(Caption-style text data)
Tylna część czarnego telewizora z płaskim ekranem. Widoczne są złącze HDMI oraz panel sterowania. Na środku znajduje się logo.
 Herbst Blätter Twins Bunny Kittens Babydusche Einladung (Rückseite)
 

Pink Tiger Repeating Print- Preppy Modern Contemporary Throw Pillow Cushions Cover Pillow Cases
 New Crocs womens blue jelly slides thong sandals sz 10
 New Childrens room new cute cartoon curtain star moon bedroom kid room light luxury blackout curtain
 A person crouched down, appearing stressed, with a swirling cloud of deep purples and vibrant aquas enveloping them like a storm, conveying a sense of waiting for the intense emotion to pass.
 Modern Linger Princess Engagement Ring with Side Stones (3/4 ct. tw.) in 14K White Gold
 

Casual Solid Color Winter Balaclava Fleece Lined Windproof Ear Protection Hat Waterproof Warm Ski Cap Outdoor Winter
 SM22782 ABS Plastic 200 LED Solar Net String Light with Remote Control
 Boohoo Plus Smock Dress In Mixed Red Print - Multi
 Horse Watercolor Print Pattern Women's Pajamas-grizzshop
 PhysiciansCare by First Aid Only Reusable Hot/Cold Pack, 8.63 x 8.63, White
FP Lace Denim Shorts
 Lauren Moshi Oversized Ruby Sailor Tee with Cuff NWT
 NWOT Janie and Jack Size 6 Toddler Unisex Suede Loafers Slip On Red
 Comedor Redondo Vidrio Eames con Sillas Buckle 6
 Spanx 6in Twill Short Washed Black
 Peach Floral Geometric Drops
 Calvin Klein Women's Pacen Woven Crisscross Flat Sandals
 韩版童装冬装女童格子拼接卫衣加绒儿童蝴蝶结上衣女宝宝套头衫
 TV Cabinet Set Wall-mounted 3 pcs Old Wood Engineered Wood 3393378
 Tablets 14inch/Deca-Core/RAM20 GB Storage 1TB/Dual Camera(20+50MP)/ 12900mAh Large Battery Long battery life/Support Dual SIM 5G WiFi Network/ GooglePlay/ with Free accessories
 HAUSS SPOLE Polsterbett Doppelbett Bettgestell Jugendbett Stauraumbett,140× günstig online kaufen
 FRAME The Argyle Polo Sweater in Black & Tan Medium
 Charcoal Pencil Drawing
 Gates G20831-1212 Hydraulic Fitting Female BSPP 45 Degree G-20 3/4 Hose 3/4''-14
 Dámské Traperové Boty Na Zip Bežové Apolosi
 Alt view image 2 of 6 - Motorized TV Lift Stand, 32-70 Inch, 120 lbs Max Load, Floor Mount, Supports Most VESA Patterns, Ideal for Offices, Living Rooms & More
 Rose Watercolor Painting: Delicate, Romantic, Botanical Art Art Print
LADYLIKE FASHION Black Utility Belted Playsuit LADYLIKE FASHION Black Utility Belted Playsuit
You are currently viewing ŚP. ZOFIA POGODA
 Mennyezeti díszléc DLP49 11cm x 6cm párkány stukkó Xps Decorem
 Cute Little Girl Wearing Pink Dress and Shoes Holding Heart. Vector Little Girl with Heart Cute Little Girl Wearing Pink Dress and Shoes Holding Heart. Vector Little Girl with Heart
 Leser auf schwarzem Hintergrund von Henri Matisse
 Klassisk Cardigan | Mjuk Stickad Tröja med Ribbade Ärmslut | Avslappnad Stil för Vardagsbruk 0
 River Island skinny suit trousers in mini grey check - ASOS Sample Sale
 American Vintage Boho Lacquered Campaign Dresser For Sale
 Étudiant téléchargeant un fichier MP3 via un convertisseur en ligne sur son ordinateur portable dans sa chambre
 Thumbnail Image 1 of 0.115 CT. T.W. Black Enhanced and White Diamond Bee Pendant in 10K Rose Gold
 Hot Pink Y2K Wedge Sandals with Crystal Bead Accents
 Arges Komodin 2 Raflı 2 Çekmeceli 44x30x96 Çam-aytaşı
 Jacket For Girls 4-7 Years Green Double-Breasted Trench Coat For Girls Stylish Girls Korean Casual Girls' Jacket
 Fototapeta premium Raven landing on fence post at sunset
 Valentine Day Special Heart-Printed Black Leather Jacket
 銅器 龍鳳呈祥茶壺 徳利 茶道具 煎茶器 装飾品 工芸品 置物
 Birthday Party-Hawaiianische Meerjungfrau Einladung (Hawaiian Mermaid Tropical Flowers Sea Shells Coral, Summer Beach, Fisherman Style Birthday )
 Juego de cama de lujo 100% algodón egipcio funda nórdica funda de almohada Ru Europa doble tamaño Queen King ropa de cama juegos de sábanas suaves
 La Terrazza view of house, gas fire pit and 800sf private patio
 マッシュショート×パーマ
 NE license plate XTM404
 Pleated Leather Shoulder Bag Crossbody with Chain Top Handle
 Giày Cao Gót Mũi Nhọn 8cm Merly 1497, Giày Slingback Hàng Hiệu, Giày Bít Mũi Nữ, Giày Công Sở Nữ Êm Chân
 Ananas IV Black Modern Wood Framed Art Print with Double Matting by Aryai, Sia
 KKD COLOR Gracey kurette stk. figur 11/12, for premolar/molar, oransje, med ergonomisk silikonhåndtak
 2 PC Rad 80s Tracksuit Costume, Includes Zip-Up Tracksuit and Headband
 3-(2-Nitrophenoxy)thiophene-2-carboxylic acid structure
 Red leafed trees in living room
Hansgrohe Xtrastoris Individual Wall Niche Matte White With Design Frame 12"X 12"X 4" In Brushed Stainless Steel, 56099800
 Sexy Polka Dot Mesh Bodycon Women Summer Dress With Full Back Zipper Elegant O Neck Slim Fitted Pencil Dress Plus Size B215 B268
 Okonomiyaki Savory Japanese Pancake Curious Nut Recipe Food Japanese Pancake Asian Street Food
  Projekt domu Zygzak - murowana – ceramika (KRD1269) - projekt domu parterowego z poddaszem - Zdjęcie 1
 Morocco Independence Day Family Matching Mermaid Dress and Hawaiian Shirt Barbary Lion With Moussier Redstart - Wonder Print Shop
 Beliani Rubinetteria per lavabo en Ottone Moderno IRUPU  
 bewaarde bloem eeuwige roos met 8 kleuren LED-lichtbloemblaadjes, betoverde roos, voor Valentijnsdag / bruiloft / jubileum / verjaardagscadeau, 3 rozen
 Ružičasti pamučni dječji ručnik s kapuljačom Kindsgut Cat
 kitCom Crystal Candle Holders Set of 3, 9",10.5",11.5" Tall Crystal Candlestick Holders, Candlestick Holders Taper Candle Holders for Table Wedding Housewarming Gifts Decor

Aim of the exercise
Copy out each line of the data in which the word "Sale" appears.

Answer
 River Island skinny suit trousers in mini grey check - ASOS Sample Sale
 American Vintage Boho Lacquered Campaign Dresser For Sale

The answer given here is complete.